Il existe tant de manières d’appréhender une représentation d’opéra que l’on nous permettra d’envisager cette reprise d’Anna Bolena à Bordeaux non comme un simple passage en revue mais comme une réflexion métaphorique où la rivalité des deux héroïnes rejoindrait la mise en opposition de deux écoles de chant. Dans le camp de la reine déchue – Anna Bolena –, le bel canto romantique avec la richesse de son vocabulaire, sa conduite scrupuleuse du souffle, son invitation à ornementations et par là même son incitation à imagination. Le premier chef d’œuvre de Donizetti créé en 1830 à Milan appartient sans conteste à cette école.
Marina Rebeka, formée à l’Académie rossinienne de Pesaro en 2007, en connaît les codes et les a mis en pratique, sur scène – Anna dans Maometto II, Mathilde dans Guillaume Tell, Maria Stuarda… – et sur disque. Après Amor fatale consacré aux opéras de Rossini, paraît ces jours-ci Spirito, un album où l’on retrouve aux cotés de Norma et Maria Stuarda, Anna Bolena précisément. Cette prise de rôle n’en est que la moitié d’une. L’on sent au-delà de la maîtrise technique combien le personnage de l’épouse malheureuse d’Henri VIII est assimilé dans un parti-pris dénué de toute sensiblerie. La reine est voulue altière et inflexible à l’image d’une voix aux reflets bleutés, froide et tranchante mais, contrairement à ce que cette rigueur laisserait supposer, dotée de la souplesse nécessaire pour épouser toutes les sinuosités de l’écriture. Conformément aux impératifs de la partition, cette dame de fer résout l’équation donizettienne en une montée au supplice où elle donne libre cours à sa science du chant à travers quelques effets mesurés mais bienvenus que l’on reçoit comme une convocation à traverser la frontière suisse en février prochain pour Il Pirata de Bellini. Aux côtés de Michael Spyres, Marina Rebeka ajoutera alors Imogène à sa couronne.
© Maitetxu Etcheverria
Face à cette icone belcantiste, la future souveraine, Giovanna Seymour, brandit l’oriflamme d’un nouveau style appelé dans l’histoire de la musique à détrôner l’ancien. Derrière le mezzo-soprano large d’Ekaterina Semenchuk, ce n’est pas Giovanna Seymour mais Eboli, dans Don Carlos de Verdi, que l’on contemple. Un tempérament, une puissance, un geste dramatique qui, plutôt que de s’embarrasser de raffinements, préfère taper du poing sur la table, en maudissant son « don fatal ». Autant dire que cette maîtresse-femme ne fait qu’une bouchée de Dimitry Ivashchenko, roi vocalement dépassé par l’ampleur et l’autorité de son rang, bien qu’habilement secondé par Kevin Amiel, excellent en Sir Hervey, le serviteur félon.

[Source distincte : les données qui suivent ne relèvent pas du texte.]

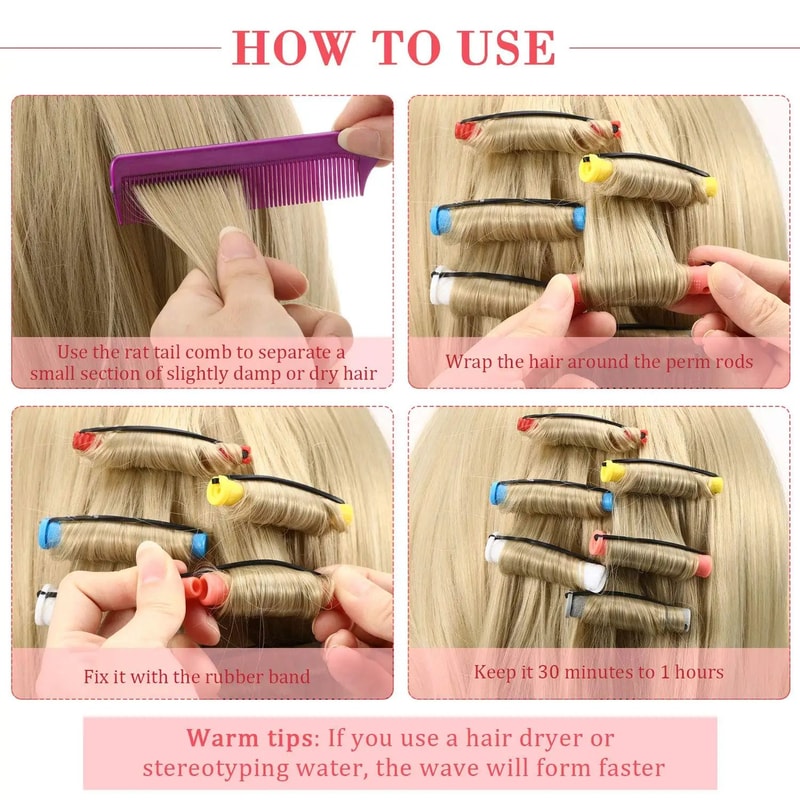 72 Pcs Hair Perm Rods Set 6 Sizes Cold Wave Perming Rod Curling Rollers For Short Hair And Steel T 2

Notre métaphore s’arrêtera là car loin d’épouser le camp d’Anna Bolena, ses partisans se rangent du côté de l’adversaire. Il est louable de faire appel à de jeunes chanteurs français mais, si prometteurs soient par ailleurs Marion Lebègue et Guilhem Worms, ni Smeaton – rôle ô combien rossinien dans le parcours agité de la ligne –, ni Rochefort ne sont inscrits dans leur vocalité naturelle. A trop avoir écouté Pavarotti, Pene Pati tend à confondre avec des moyens superlatifs Percy et Riccardo du Bal Masqué. Au 2e acte, « Fin dall’eta du più tenera »et « Vivi tu » laissent enfin transparaître les quelques demi-teintes attendues sans que Paul Daniel n’en favorise l’éclosion. Ni reprise, ni variation, ni travail sur les cadences, la lecture proposée par le directeur musical de l’ONBA, sèche, anguleuse, voire tapageuse, a aussi choisi de tourner le dos au belcanto. Le chœur semble perplexe.

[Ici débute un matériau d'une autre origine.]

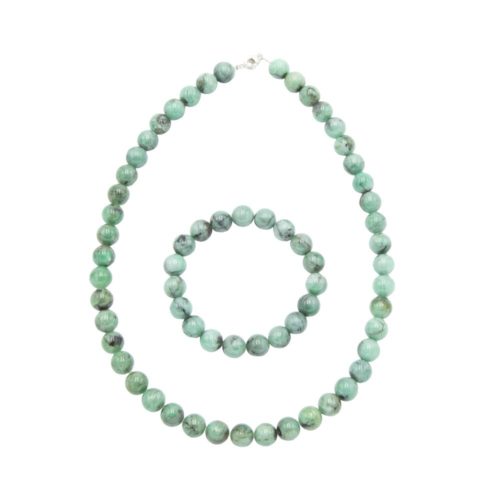 parure émeraude pierres boules 10mm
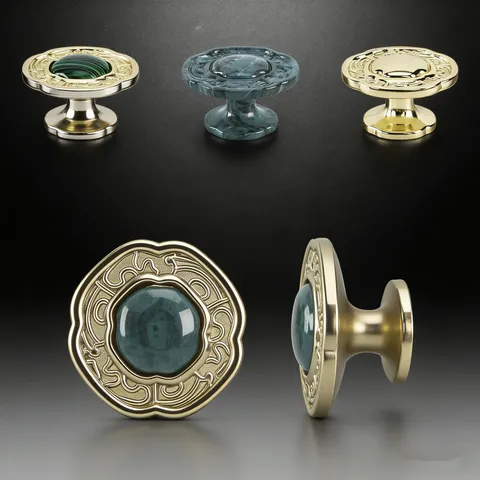 Vintage Europäischer Palaststil Zinklegierung Schrankgriff Geschnitzte Blumen Schubladenknopf Gold Smaragd Möbelgriff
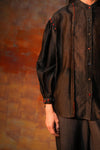 Single Pleat Emb Shirt Black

Avec ses décors esquissés sur plusieurs plans, ses costumes luxueux, son fauconnier et son dogue allemand, la mise en scène de Marie-Louise Bischofberger ne s’égare pas en conjectures stylistiques mais choisit de raconter l’histoire telle que Romani, le librettiste, l’a imaginée. Donizetti, lui, repassera.